FIG. 2 shows a second embodiment of the solar cell module of the present invention. In this solar cell module 21, a plurality of solar cell elements 22 are arranged on the same plane and each solar cell element is arranged. 22 are connected in series or series-parallel by an interconnector 23. The surface material 24 and the back surface material 2 are provided on both sides of the solar cell element 22.
5 and 5 are provided so as to hold the space and sandwich it from both sides. In this space, EVA resin (Ethylene Vinylacet
light transparency (transparency) such as ate Copolymer), impact resistance,
Resin filler 2 with excellent physical properties such as ozone resistance and weather resistance
8 is filled and cured integrally to form a panel shape. The panel-shaped outer periphery is provided so as to surround a frame 29 made of corrosion-resistant aluminum and a heat dissipation frame 30 having a large number of heat dissipation fins 30a.

A heat transfer block 26 made of metal such as a copper plate or an aluminum plate is provided outside the backing material 25.
Are provided in close contact with the back material 25. A heat pipe 27 is provided so that its heating portion 27a is in close contact with the heat transfer block 26 so that heat can be transferred, and the heat radiating portion 2 thereof is provided.
7b is inserted into the hole formed in the heat dissipation frame 30 with good heat transfer using a thermal joint or the like.

With the above-mentioned structure, the same operational effect as in the case of the solar cell module of the first embodiment can be obtained, and in the first embodiment, the heat transfer embedded in the filler is achieved. Since the block and the heat pipe are provided on the outside of the back surface material of the solar cell module, the structure is simplified and the heat transfer block and the heat pipe can be assembled separately from the solar cell element, which facilitates manufacturing. There is an advantage.

[0023]

As described above, in the solar cell module of the present invention, the heat transfer member is provided inside or outside the transparent member on the back side of the solar cell element, and the heat transfer member is provided with the heating portion of the heat pipe. Since the solar cell module is mounted so that the heat of the solar cell module is transported to the heat dissipation member to be cooled, the temperature rise of the solar cell module is prevented and high power generation efficiency can be maintained.

[Brief description of the drawings]

FIG. 1 is a sectional side view showing a solar cell module according to a first embodiment of the present invention.

FIG. 2 is a sectional side view showing a solar cell module according to a second embodiment of the present invention.

FIG. 3 is a sectional side view showing an example of a conventional solar cell module.

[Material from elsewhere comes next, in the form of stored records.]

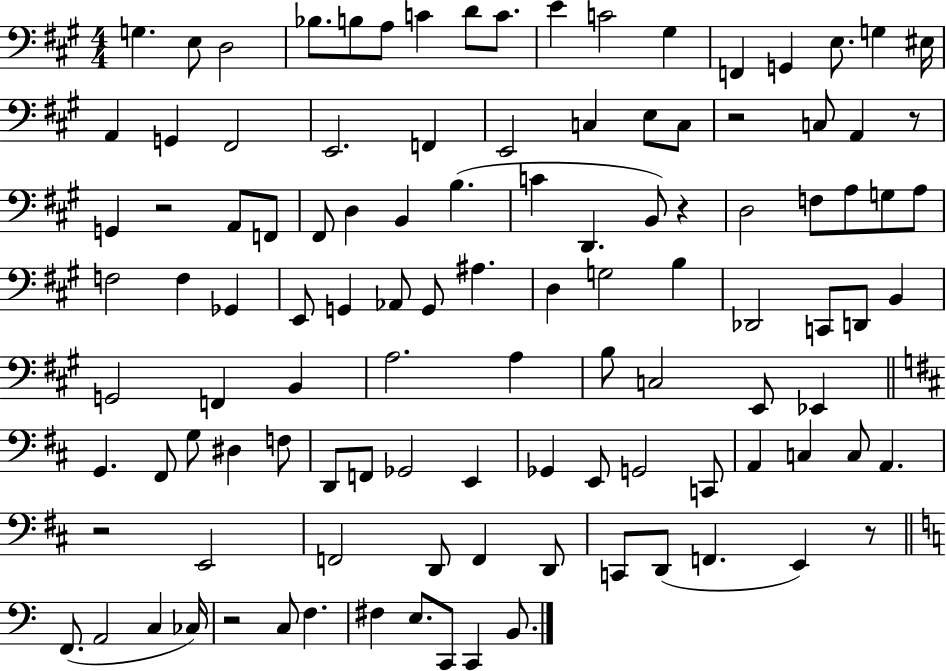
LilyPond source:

{
  \clef bass
  \numericTimeSignature
  \time 4/4
  \key a \major
  \repeat volta 2 { g4. e8 d2 | bes8. b8 a8 c'4 d'8 c'8. | e'4 c'2 gis4 | f,4 g,4 e8. g4 eis16 | \break a,4 g,4 fis,2 | e,2. f,4 | e,2 c4 e8 c8 | r2 c8 a,4 r8 | \break g,4 r2 a,8 f,8 | fis,8 d4 b,4 b4.( | c'4 d,4. b,8) r4 | d2 f8 a8 g8 a8 | \break f2 f4 ges,4 | e,8 g,4 aes,8 g,8 ais4. | d4 g2 b4 | des,2 c,8 d,8 b,4 | \break g,2 f,4 b,4 | a2. a4 | b8 c2 e,8 ees,4 | \bar "||" \break \key d \major g,4. fis,8 g8 dis4 f8 | d,8 f,8 ges,2 e,4 | ges,4 e,8 g,2 c,8 | a,4 c4 c8 a,4. | \break r2 e,2 | f,2 d,8 f,4 d,8 | c,8 d,8( f,4. e,4) r8 | \bar "||" \break \key c \major f,8.( a,2 c4 ces16) | r2 c8 f4. | fis4 e8. c,8 c,4 b,8. | } \bar "|."
}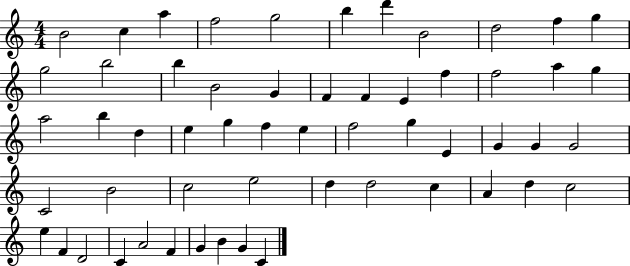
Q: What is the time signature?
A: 4/4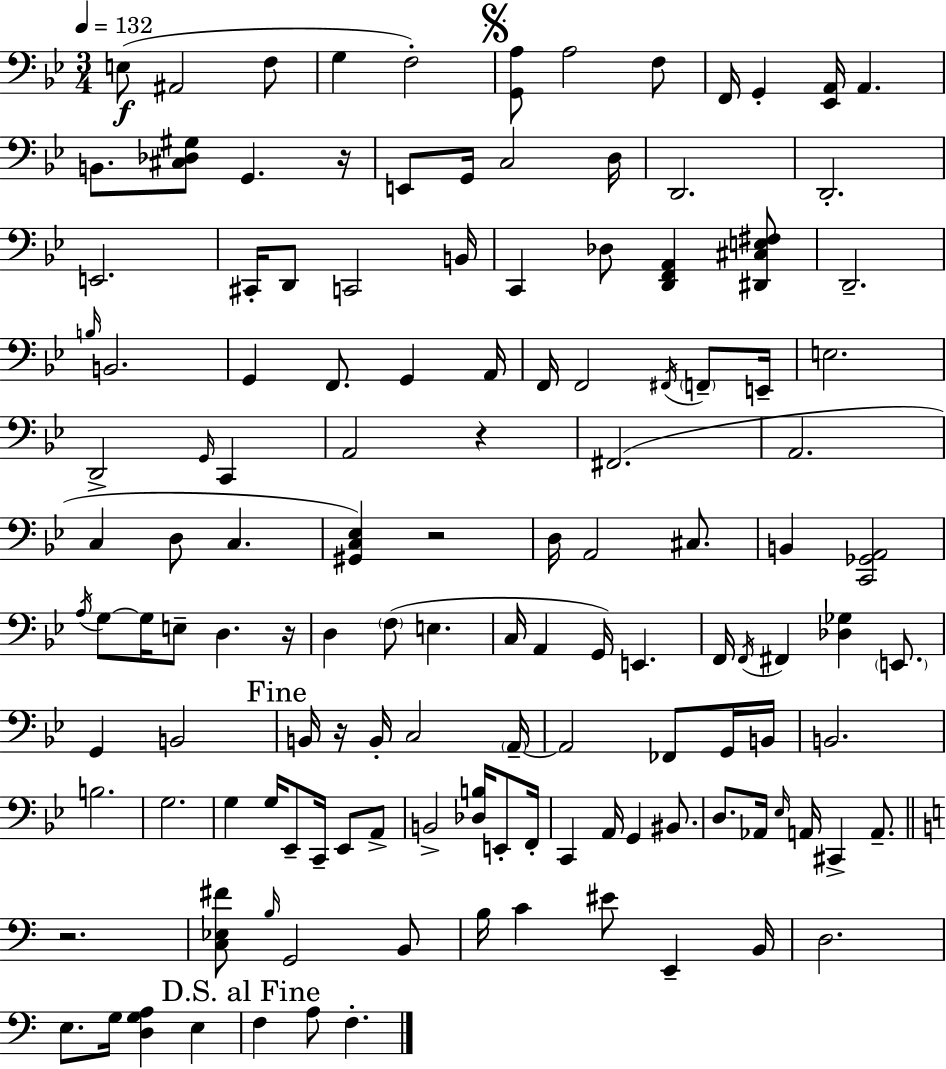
{
  \clef bass
  \numericTimeSignature
  \time 3/4
  \key bes \major
  \tempo 4 = 132
  e8(\f ais,2 f8 | g4 f2-.) | \mark \markup { \musicglyph "scripts.segno" } <g, a>8 a2 f8 | f,16 g,4-. <ees, a,>16 a,4. | \break b,8. <cis des gis>8 g,4. r16 | e,8 g,16 c2 d16 | d,2. | d,2.-. | \break e,2. | cis,16-. d,8 c,2 b,16 | c,4 des8 <d, f, a,>4 <dis, cis e fis>8 | d,2.-- | \break \grace { b16 } b,2. | g,4 f,8. g,4 | a,16 f,16 f,2 \acciaccatura { fis,16 } \parenthesize f,8-- | e,16-- e2. | \break d,2-> \grace { g,16 } c,4 | a,2 r4 | fis,2.( | a,2. | \break c4 d8 c4. | <gis, c ees>4) r2 | d16 a,2 | cis8. b,4 <c, ges, a,>2 | \break \acciaccatura { a16 } g8~~ g16 e8-- d4. | r16 d4 \parenthesize f8( e4. | c16 a,4 g,16) e,4. | f,16 \acciaccatura { f,16 } fis,4 <des ges>4 | \break \parenthesize e,8. g,4 b,2 | \mark "Fine" b,16 r16 b,16-. c2 | \parenthesize a,16--~~ a,2 | fes,8 g,16 b,16 b,2. | \break b2. | g2. | g4 g16 ees,8-- | c,16-- ees,8 a,8-> b,2-> | \break <des b>16 e,8-. f,16-. c,4 a,16 g,4 | bis,8. d8. aes,16 \grace { ees16 } a,16 cis,4-> | a,8.-- \bar "||" \break \key c \major r2. | <c ees fis'>8 \grace { b16 } g,2 b,8 | b16 c'4 eis'8 e,4-- | b,16 d2. | \break e8. g16 <d g a>4 e4 | \mark "D.S. al Fine" f4 a8 f4.-. | \bar "|."
}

[Explanation of Reference Signs] 11,21 ... Solar Cell Module, 12,22 ... Solar Cell Element, 13,23 ... Interconnector, 14,2
4 ... Surface material, 16, 26 ... Heat transfer material, 17, 27 ... Heat pipe, 18, 28 ... Filler material, 20, 30 ... Heat dissipation frame.

Claims (1)

[Claims] 1. A solar cell module comprising a plurality of solar cell elements arranged in a plane and electrically connected to each other so as to be integrally covered with a transparent member such as glass or resin to form a flat plate. A heat transfer member having a high thermal conductivity is provided inside or outside the transparent member that is the back side of the battery element so as to be able to transfer heat, and a heating portion of a heat pipe is attached to the heat transfer member so as to be able to transfer heat. A solar cell module, wherein a heat radiating member is provided on an outer edge portion of the flat plate, and the heat radiating portion of the heat pipe is attached to the heat radiating member so that heat can be transferred.